Re: [PATCH] x86,switch_mm: skip atomic operations for init_mm

From: Andy Lutomirski
Date: Fri Jun 01 2018 - 16:04:24 EST


On Fri, Jun 1, 2018 at 12:43 PM Rik van Riel <riel@xxxxxxxxxxx> wrote:
>
> On Fri, 2018-06-01 at 20:48 +0200, Mike Galbraith wrote:
> > On Fri, 2018-06-01 at 14:22 -0400, Rik van Riel wrote:
> > > On Fri, 2018-06-01 at 08:11 -0700, Andy Lutomirski wrote:
> > > > On Fri, Jun 1, 2018 at 5:28 AM Rik van Riel <riel@xxxxxxxxxxx>
> > > > wrote:
> > > > >
> > > > > Song noticed switch_mm_irqs_off taking a lot of CPU time in
> > > > > recent
> > > > > kernels,using 2.4% of a 48 CPU system during a netperf to
> > > > > localhost
> > > > > run.
> > > > > Digging into the profile, we noticed that cpumask_clear_cpu and
> > > > > cpumask_set_cpu together take about half of the CPU time taken
> > > > > by
> > > > > switch_mm_irqs_off.
> > > > >
> > > > > However, the CPUs running netperf end up switching back and
> > > > > forth
> > > > > between netperf and the idle task, which does not require
> > > > > changes
> > > > > to the mm_cpumask.
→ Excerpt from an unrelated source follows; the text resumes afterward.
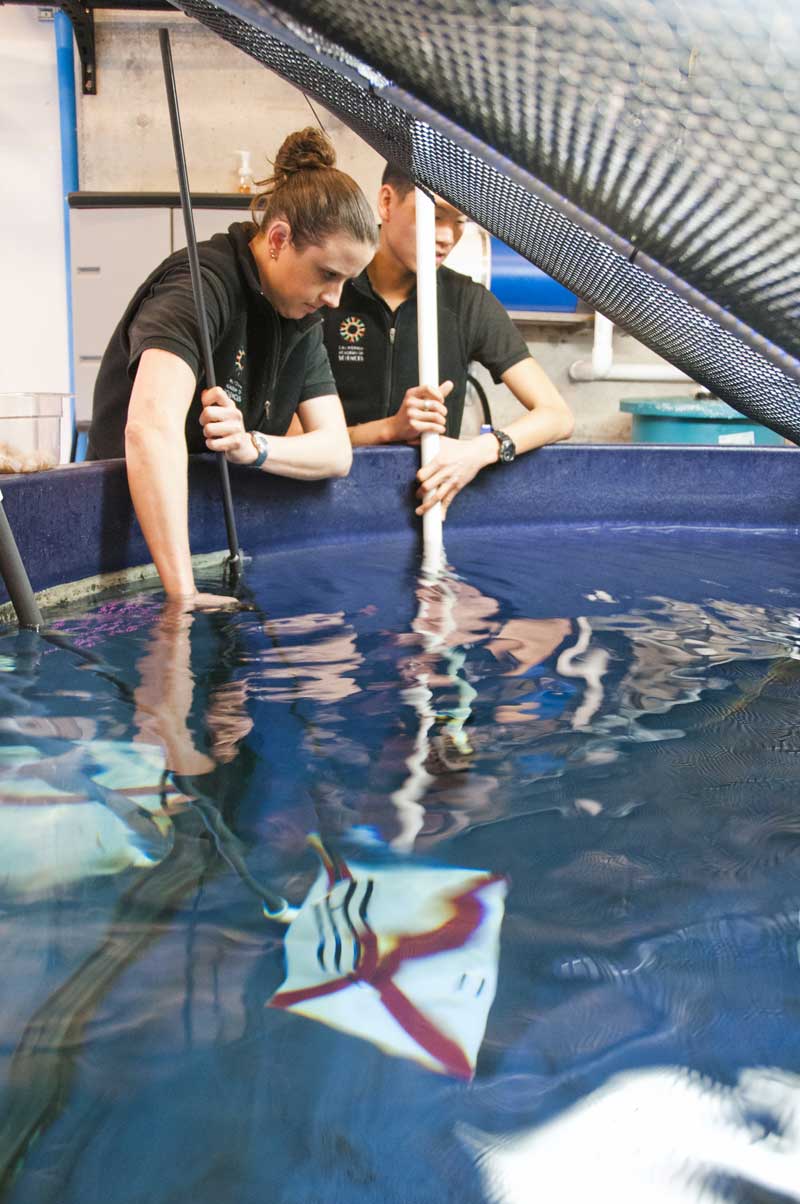 The California Academy of Sciences introduced a group of pyjama sharks to its popular African Penguin exhibit. The two species are natural neighbors off the coast of South Africa.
Furthermore, the init_mm cpumask ends up
> > > > > being
> > > > > the most heavily contended one in the system.`
> > > > >
> > > > > Skipping cpumask_clear_cpu and cpumask_set_cpu for init_mm
> > > > > (mostly the idle task) reduced CPU use of switch_mm_irqs_off
> > > > > from 2.4% of the CPU to 1.9% of the CPU, with the following
> > > > > netperf commandline:
> > > >
> > > > I'm conceptually fine with this change. Does
> > > > mm_cpumask(&init_mm)
> > > > end
> > > > up in a deterministic state?
> > >
> > > Given that we do not touch mm_cpumask(&init_mm)
> > > any more, and that bitmask never appears to be
> > > used for things like tlb shootdowns (kernel TLB
> > > shootdowns simply go to everybody), I suspect
> > > it ends up in whatever state it is initialized
> > > to on startup.
> > >
> > > I had not looked into this much, because it does
> > > not appear to be used for anything.
> > >
> > > > Mike, depending on exactly what's going on with your benchmark,
> > > > this
> > > > might help recover a bit of your performance, too.
> > >
> > > It will be interesting to know how this change
> > > impacts others.
> >
> > previous pipe-test number
> > 4.13.16 2.024978 usecs/loop -- avg 2.045250 977.9 KHz
> > 4.14.47 2.234518 usecs/loop -- avg 2.227716 897.8 KHz
> > 4.15.18 2.287815 usecs/loop -- avg 2.295858 871.1 KHz
> > 4.16.13 2.286036 usecs/loop -- avg 2.279057 877.6 KHz
> > 4.17.0.g88a8676 2.288231 usecs/loop -- avg 2.288917 873.8 KHz
> >
> > new numbers
> > 4.17.0.g0512e01 2.268629 usecs/loop -- avg 2.269493 881.3 KHz
> > 4.17.0.g0512e01 2.035401 usecs/loop -- avg 2.038341 981.2 KHz +andy
> > 4.17.0.g0512e01 2.238701 usecs/loop -- avg 2.231828 896.1 KHz
> > -andy+rik
> >
> > There might be something there with your change Rik, but it's small
> > enough to be wary of variance. Andy's "invert the return of
> > tlb_defer_switch_to_init_mm()" is OTOH pretty clear.
>
> If inverting the return value of that function helps
> some systems, chances are the other value might help
> other systems.
>
> That makes you wonder whether it might make sense
> to always switch to lazy TLB mode, and only call
> switch_mm at TLB flush time, regardless of whether
> the CPU supports PCID...
>

Mike, you never did say: do you have PCID on your CPU? Also, what is
your workload doing to cause so many switches back and forth between
init_mm and a task.

The point of the optimization is that switching to init_mm() should be
fairly fast on a PCID system, whereas an IPI to do the deferred flush
is very expensive regardless of PCID. I wonder if we could do
something fancy where we stay on the task mm for short idles but
switch to init_mm before going deeply idle. We'd also want to switch
to init_mm when we go idle due to migrating the previously running
task, I think.

Previously, it was hard to make any decisions based on the target idle
state because the idle code chose its target state so late in the
idling process that the CPU was halfway shut down already. But I
think this is fixed now.

--Andy